Open alvations opened 4 years ago
From https://github.com/alvations/disambiguate#disambiguating-raw-text
Decoding is done through the decode.sh
script
./decode.sh --data_path $DATADIR --weights $DATADIR/model_weights_wsd*
The decode.sh
simply does this:
#!/bin/bash
"$(dirname "$0")"/java/launch.sh NeuralWSDDecode --python_path "$(dirname "$0")"/python "$@"
The java/launch.sh
calls the NeuralWSDDecode class through maven
#!/bin/bash
mvn exec:java -f "$(dirname "$0")"/pom.xml -e --quiet -Dexec.mainClass="$1" -Dexec.args="${*:2}"
from https://github.com/alvations/disambiguate/blob/master/java/src/main/java/NeuralWSDDecode.java
The python path is set in the NeuralDisambiguator
object at https://github.com/alvations/disambiguate/blob/master/java/src/main/java/NeuralWSDDecode.java#L80
neuralDisambiguator = new NeuralDisambiguator(pythonPath, dataPath, weights, clearText, batchSize);
Then the NeuralDisambiguator calls initPythonProcess
to load the model https://github.com/alvations/disambiguate/blob/daaee2938501a793ba6a44269082393d79fe3421/java/src/main/java/getalp/wsd/method/neural/NeuralDisambiguator.java#L152
And booms a load of spaghetti madness. Lets try another approach, we go directly to the model_weights_wsd*
and load it in torch.
>>> import torch
>>> model = torch.load('model_weights_wsd0')
>>> type(model)
<class 'dict'>
>>> model.keys()
dict_keys(['config', 'backend_encoder', 'optimizer', 'backend_decoder_classification'])

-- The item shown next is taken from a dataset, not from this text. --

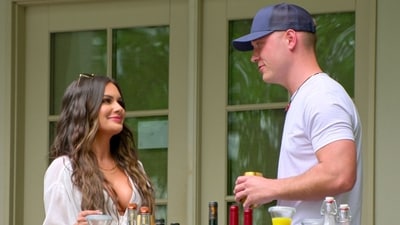 Love is Blind S6 Jessica Vestal hints at dating another co-star (Netflix) Love is Blind S6 Jessica Vestal hints at dating another co-star (Netflix)
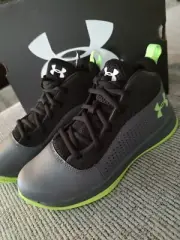 Under Armor Ps Lockdown 4. ( Size 2Y)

Okay, so the problem is that the model object is not just native torch tensor.
Lets dig through the components
>>> type(model['config'])
<class 'dict'>
>>> model['config']
{'input_embeddings_size': [1024], 'input_embeddings_tokenize_model': [None], 'input_elmo_path': [None], 'input_bert_path': ['bert-large-cased'], 'input_auto_model': [None], 'input_auto_path': [None], 'input_word_dropout_rate': None, 'input_resize': [None], 'input_linear_size': None, 'input_dropout_rate': None, 'encoder_type': 'lstm', 'encoder_lstm_hidden_size': 1000, 'encoder_lstm_layers': 1, 'encoder_lstm_dropout': 0.5, 'encoder_transformer_hidden_size': 512, 'encoder_transformer_layers': 6, 'encoder_transformer_heads': 8, 'encoder_transformer_dropout': 0.1, 'encoder_transformer_positional_encoding': True, 'encoder_transformer_scale_embeddings': True, 'decoder_translation_transformer_hidden_size': 512, 'decoder_translation_transformer_layers': 6, 'decoder_translation_transformer_heads': 8, 'decoder_translation_transformer_dropout': 0.1, 'decoder_translation_scale_embeddings': True, 'decoder_translation_share_embeddings': False, 'decoder_translation_share_encoder_embeddings': False, 'decoder_translation_tokenizer_bert': None}
So config as the key suggests is just some key-value maps.
Now, optimizer
:
>>> type(model['optimizer'])
<class 'dict'>
>>> model['optimizer'].keys()
dict_keys(['state', 'param_groups'])
>>> model['optimizer']['param_groups']
[{'lr': 0.0001, 'betas': (0.9, 0.999), 'eps': 1e-08, 'weight_decay': 0, 'amsgrad': False, 'params': [140512760111744, 140513220910144, 140513220907776, 140513220909440, 140513211867584, 140512760915392, 140512760915328, 140512760915200, 140513220907584, 140512760914368]}]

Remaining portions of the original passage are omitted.